*DATA SECTION*:

[Start of section]

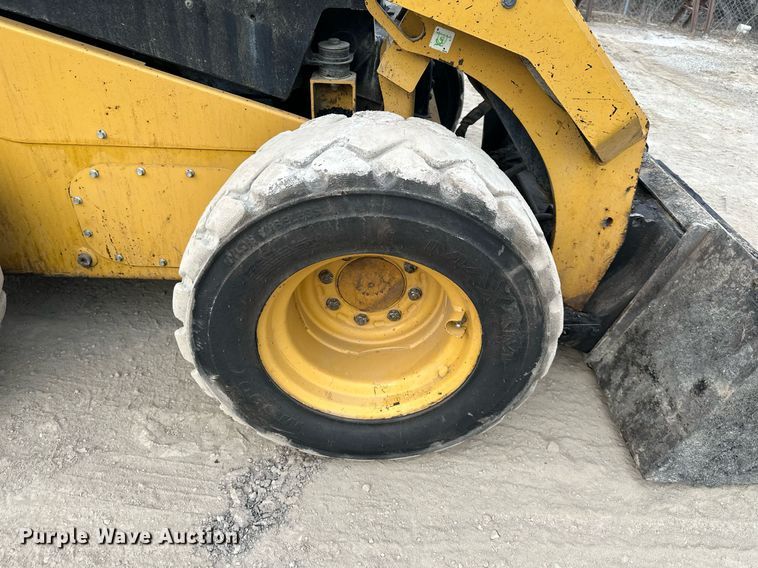 image for item DW2763 2017 Caterpillar 262D  skid steer loader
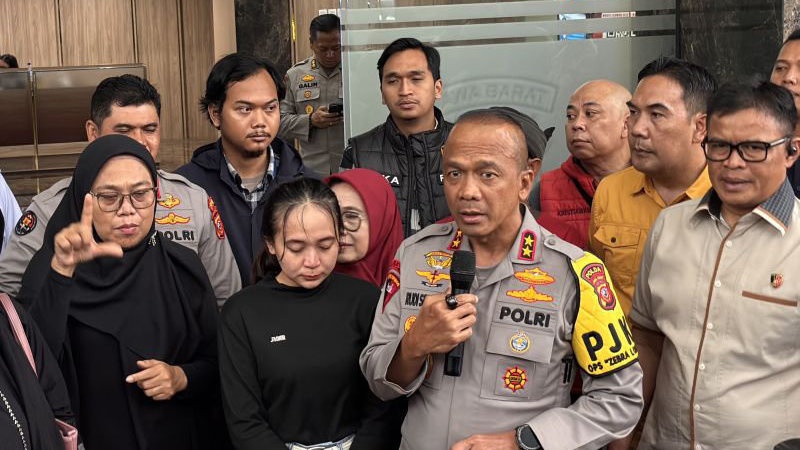 Reni Korban TPPO Asal Sukabumi Berhasil Pulang dari Guangzho Reni Korban TPPO Asal Sukabumi Berhasil Pulang dari Guangzho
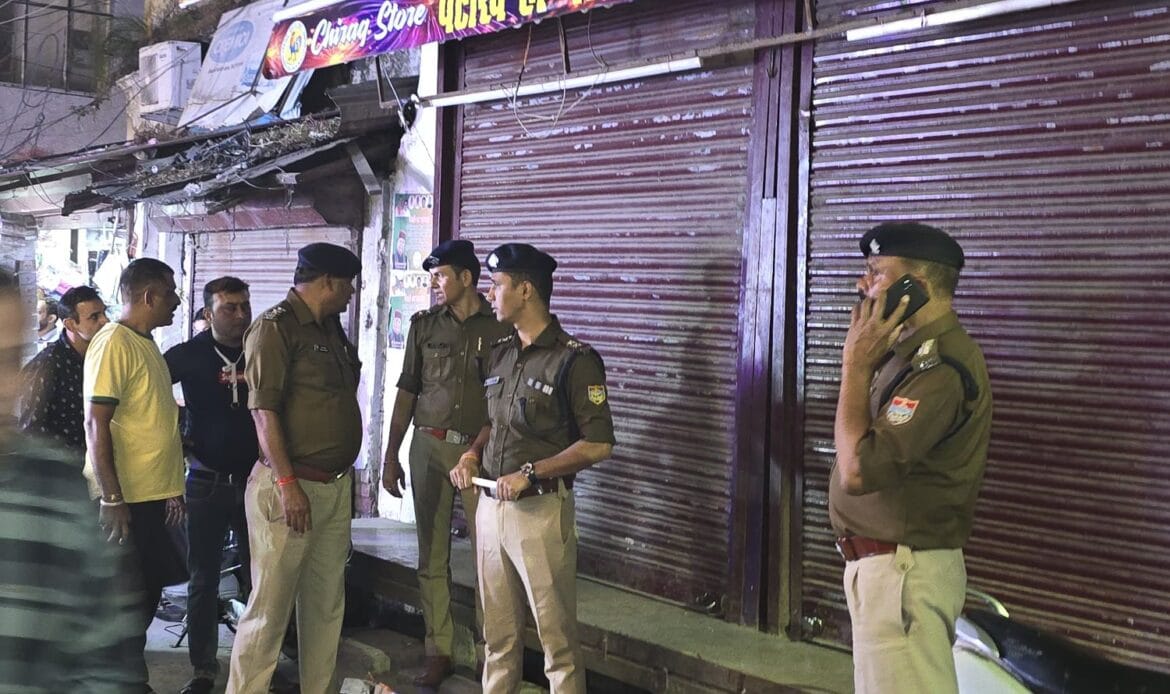 शातिराना अंदाज में लोगों के साथ धोखाधडी करने वाले बंटी- बबली आये दून पुलिस की गिरफ्त में-Newsnetra 7 img 20241024 wa00342713087393266619577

[End of section]

*WHAT TO WORK ON*:
Copy the whole listing exactly, excluding the pictures in it.

*SOLUTION FOR THIS EXERCISE*:
 image for item DW2763 2017 Caterpillar 262D  skid steer loader
 Reni Korban TPPO Asal Sukabumi Berhasil Pulang dari Guangzho Reni Korban TPPO Asal Sukabumi Berhasil Pulang dari Guangzho
 शातिराना अंदाज में लोगों के साथ धोखाधडी करने वाले बंटी- बबली आये दून पुलिस की गिरफ्त में-Newsnetra 7 img 20241024 wa00342713087393266619577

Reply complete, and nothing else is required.